I’ve also started working on another approach to ironing out bugs from the board code. It’s very much inspired by my uninformed scanning of property-based testing. We make a dirt-simple but accurate model of the code we wish to test, and then we generate random streams of operations that are applied to both the real version and the model, and we compare the results. The model gets to ignore all details of multithreading, being performant, etc. Its only job is to be understandable and give the behavior and results intended from the real version. In previous tests, I had already made a fake network interconnect so I could apply operations to one board and make sure the other board ended up with exactly the same result after sync so now I can wire things up like this

    [Randomly generated board operations]
             /              \
            |                |
            v                v
    [Simple Model]     [Real Board 0] <--fake network interconnect--> [Real Board 1] 

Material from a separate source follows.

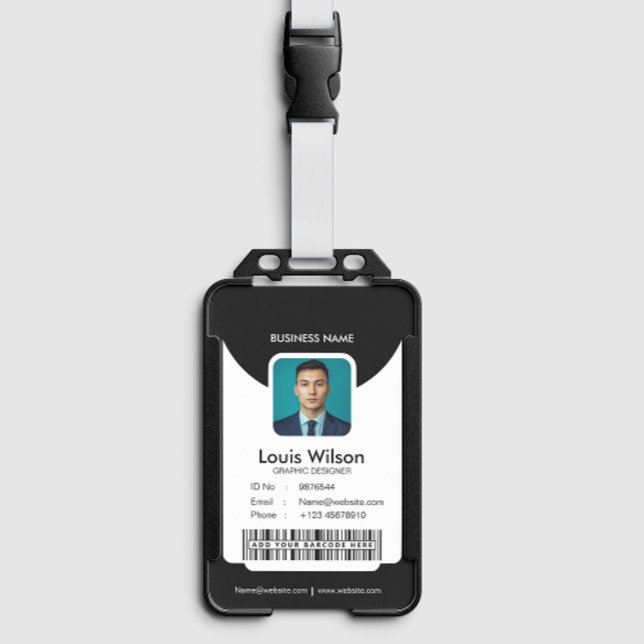 Black | Customisable Employee ID Company Security ID Badge (Creator Uploaded)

We feed the model and ‘Real Board 0’ the same operations, but then compare the results for all three boards. This gives us a pretty decent amount of testing for almost no additional work.

I will stress that this isn’t property-based testing. I want to learn it, but I don’t have the time to take on a new technique right now. However, I know that even this limited approach can give good results, and I think I’ll be able to add some very basic test-case minimization too.

Christmas Approaches

And with that, it’s almost the end of the year. There is more to come, but I’m going to posting a bit less until January as I’ve managed to schedule everything to happen in one month, and apparently it’s arrived. For the next week, I’m on holiday, and then I’ll be heading to the UK for Christmas. During my time in the UK I’ll be working some evenings on server stuff, so expect a very significant shift in content then!

I hope this finds you well folks.

Peace.

[0] by default, Unity automatically makes assemblies that separate game and editor code based on special folder names. It’s handy but naturally goes away when you decide to handle assemblies yourself.

[1] There are a bunch of ways to layout your project, but we found it simplest to make 2 folders, ‘Runtime’ and ‘Editors’, and move all game code to the former and all the editor code to the latter. The directory structure on both sides is mirrored. We have a little helper menu for writing the boilerplate code for inspector editors, so we updated that to respect the new structure and added a right-click menu entry to jump to the editor folder if it existed.